You don't want our soldiers to die in Iraq? Well given the job description may include giving all for your country and service, where would you like them to die?

And if the all too predictable answer is nowhere, why have an army or defense force at all?

And if you don't want guys to be executed for trafficking commercial quantities of illicit drugs through Indonesia; guys, don't traffic illicit drugs through Indonesia!

One can only imagine the predicament and pickle most Ukrainians would be in now, if they didn't have a dedicated defense force keeping the much more powerful Russian wolf from their doorstep, with some of them now laying their lives on the line without recompense or pay packet; and with most volunteering once hostilities had commenced.

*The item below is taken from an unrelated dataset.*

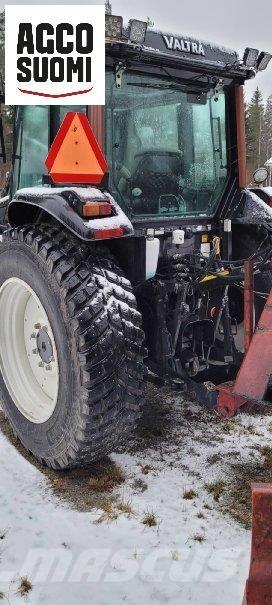 Valtra A93 H Traktorji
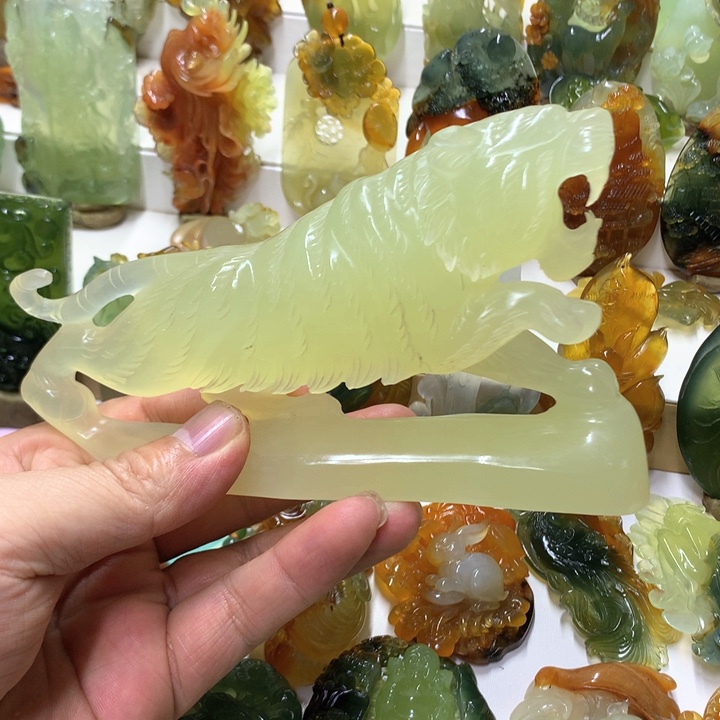 蛇纹石玉珠宝半成品未镶嵌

And if ISIL is not prevented from gaining a foothold and an economic presence in Iraq!?

The world could very well be thrust into a much bigger war that could last for as long as a hundred years!

And given the implications for us, it is our battle.

However don't you fret Sophie, nobody is ever going to ask passives like you to actually serve, when there are still true patriots willing to risk all to protect you and yours!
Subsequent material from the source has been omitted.